[Data extract — start]
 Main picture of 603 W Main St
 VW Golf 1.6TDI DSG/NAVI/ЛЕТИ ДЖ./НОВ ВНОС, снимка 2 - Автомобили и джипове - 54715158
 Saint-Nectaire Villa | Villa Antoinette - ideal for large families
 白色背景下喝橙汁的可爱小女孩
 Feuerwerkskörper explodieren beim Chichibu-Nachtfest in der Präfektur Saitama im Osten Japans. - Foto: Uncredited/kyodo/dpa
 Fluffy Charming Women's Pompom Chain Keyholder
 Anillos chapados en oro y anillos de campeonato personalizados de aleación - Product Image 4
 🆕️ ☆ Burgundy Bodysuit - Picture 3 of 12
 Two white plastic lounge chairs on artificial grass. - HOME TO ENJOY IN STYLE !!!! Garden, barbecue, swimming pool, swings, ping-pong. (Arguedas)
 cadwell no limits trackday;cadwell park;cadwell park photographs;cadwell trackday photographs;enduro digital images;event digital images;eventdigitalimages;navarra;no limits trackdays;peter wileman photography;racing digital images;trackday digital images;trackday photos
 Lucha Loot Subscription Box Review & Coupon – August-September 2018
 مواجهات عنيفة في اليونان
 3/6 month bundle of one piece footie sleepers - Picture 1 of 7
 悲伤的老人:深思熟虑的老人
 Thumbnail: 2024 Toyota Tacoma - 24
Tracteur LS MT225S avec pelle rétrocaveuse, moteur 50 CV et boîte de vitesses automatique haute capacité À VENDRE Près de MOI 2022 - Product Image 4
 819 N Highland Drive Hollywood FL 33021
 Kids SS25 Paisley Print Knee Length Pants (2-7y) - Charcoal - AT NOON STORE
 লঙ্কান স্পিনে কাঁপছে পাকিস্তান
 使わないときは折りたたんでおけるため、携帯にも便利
[Data extract — finish]
What is required:
The records must each be output verbatim, with nothing left out.

Exercise result:
 Main picture of 603 W Main St
 VW Golf 1.6TDI DSG/NAVI/ЛЕТИ ДЖ./НОВ ВНОС, снимка 2 - Автомобили и джипове - 54715158
 Saint-Nectaire Villa | Villa Antoinette - ideal for large families
 白色背景下喝橙汁的可爱小女孩
 Feuerwerkskörper explodieren beim Chichibu-Nachtfest in der Präfektur Saitama im Osten Japans. - Foto: Uncredited/kyodo/dpa
 Fluffy Charming Women's Pompom Chain Keyholder
 Anillos chapados en oro y anillos de campeonato personalizados de aleación - Product Image 4
 🆕️ ☆ Burgundy Bodysuit - Picture 3 of 12
 Two white plastic lounge chairs on artificial grass. - HOME TO ENJOY IN STYLE !!!! Garden, barbecue, swimming pool, swings, ping-pong. (Arguedas)
 cadwell no limits trackday;cadwell park;cadwell park photographs;cadwell trackday photographs;enduro digital images;event digital images;eventdigitalimages;navarra;no limits trackdays;peter wileman photography;racing digital images;trackday digital images;trackday photos
 Lucha Loot Subscription Box Review & Coupon – August-September 2018
 مواجهات عنيفة في اليونان
 3/6 month bundle of one piece footie sleepers - Picture 1 of 7
 悲伤的老人:深思熟虑的老人
 Thumbnail: 2024 Toyota Tacoma - 24
Tracteur LS MT225S avec pelle rétrocaveuse, moteur 50 CV et boîte de vitesses automatique haute capacité À VENDRE Près de MOI 2022 - Product Image 4
 819 N Highland Drive Hollywood FL 33021
 Kids SS25 Paisley Print Knee Length Pants (2-7y) - Charcoal - AT NOON STORE
 লঙ্কান স্পিনে কাঁপছে পাকিস্তান
 使わないときは折りたたんでおけるため、携帯にも便利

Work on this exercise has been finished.